Prompt:
Below are the records; return exactly the lines from the one with "Veste de costume" through the final line, both included, minus any pictures.
====== Dataset excerpts
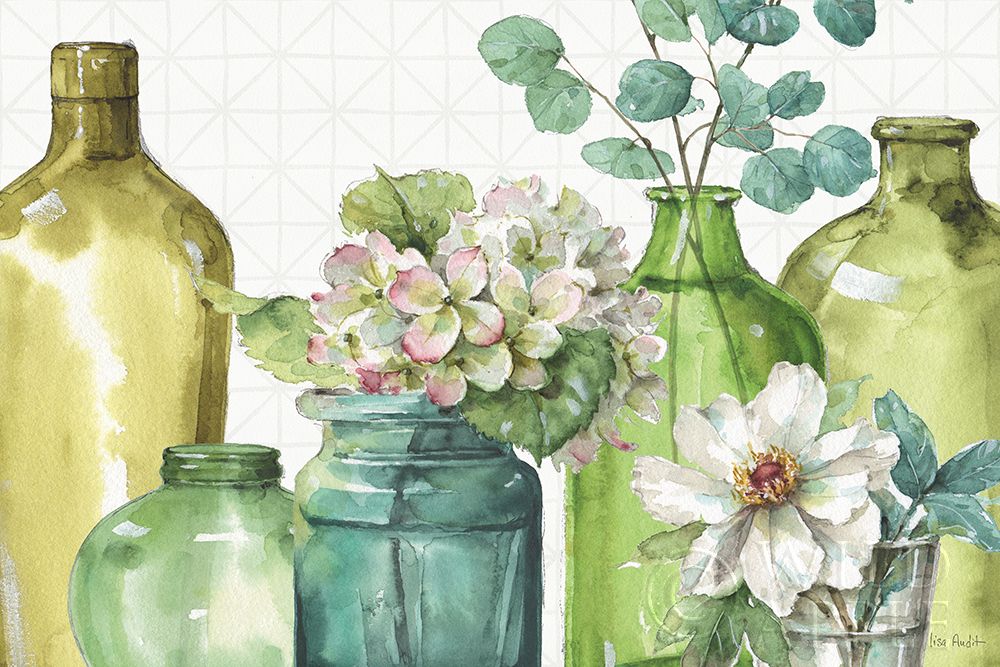 Wall art: Mixed Greens XLIX, by Audit, Lisa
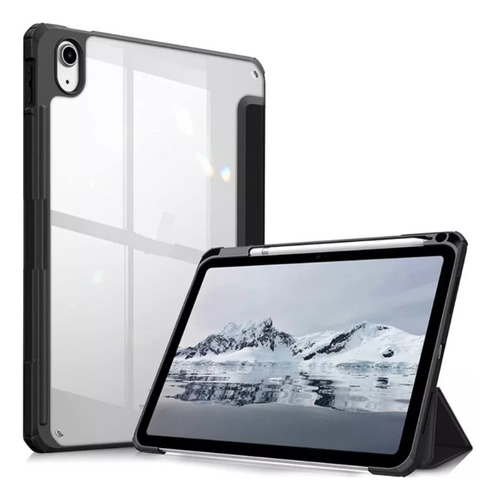 Forro Clear Smart Case Para iPad Con Espacio De Lapiz
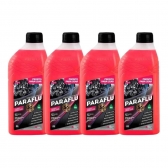 Kit 4 Unidades Aditivo Radiador Rosa Pronto Para Uso Paraflu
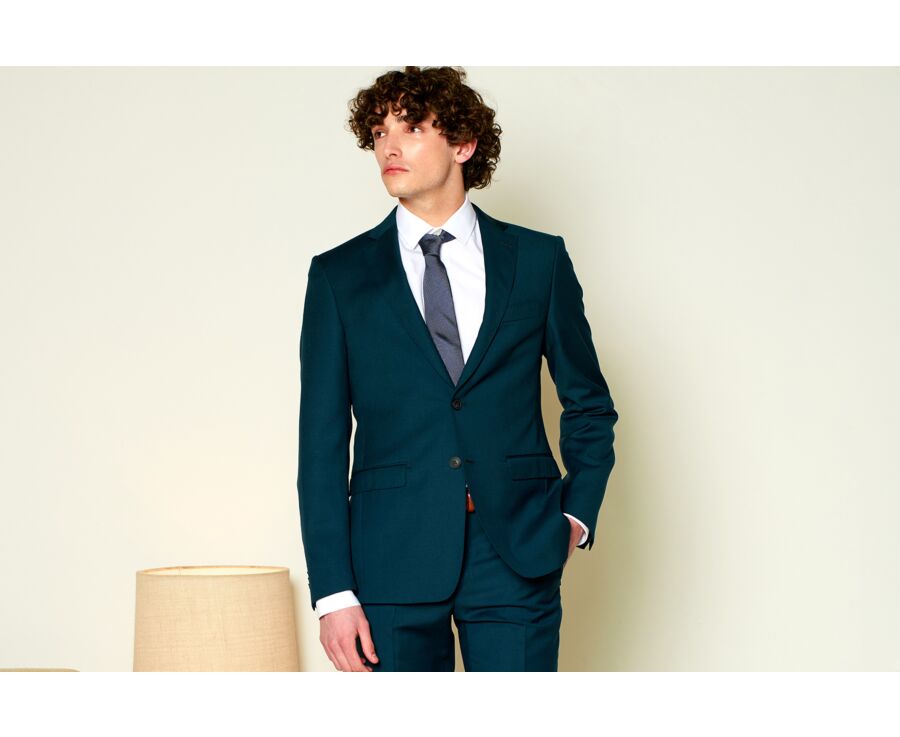 Veste de costume homme Vert Bouteille - LAZARE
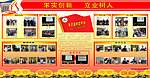 学校队伍建设展板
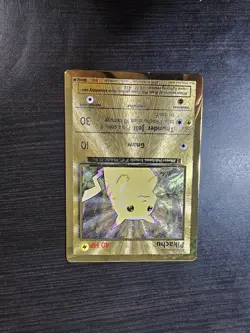 Gold Metal Pikachu Card 58/102 Pokemon Celebrations 25th Anniversary Pokemon TCG - Image 1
============
Exercise output:
 Veste de costume homme Vert Bouteille - LAZARE
 学校队伍建设展板
 Gold Metal Pikachu Card 58/102 Pokemon Celebrations 25th Anniversary Pokemon TCG - Image 1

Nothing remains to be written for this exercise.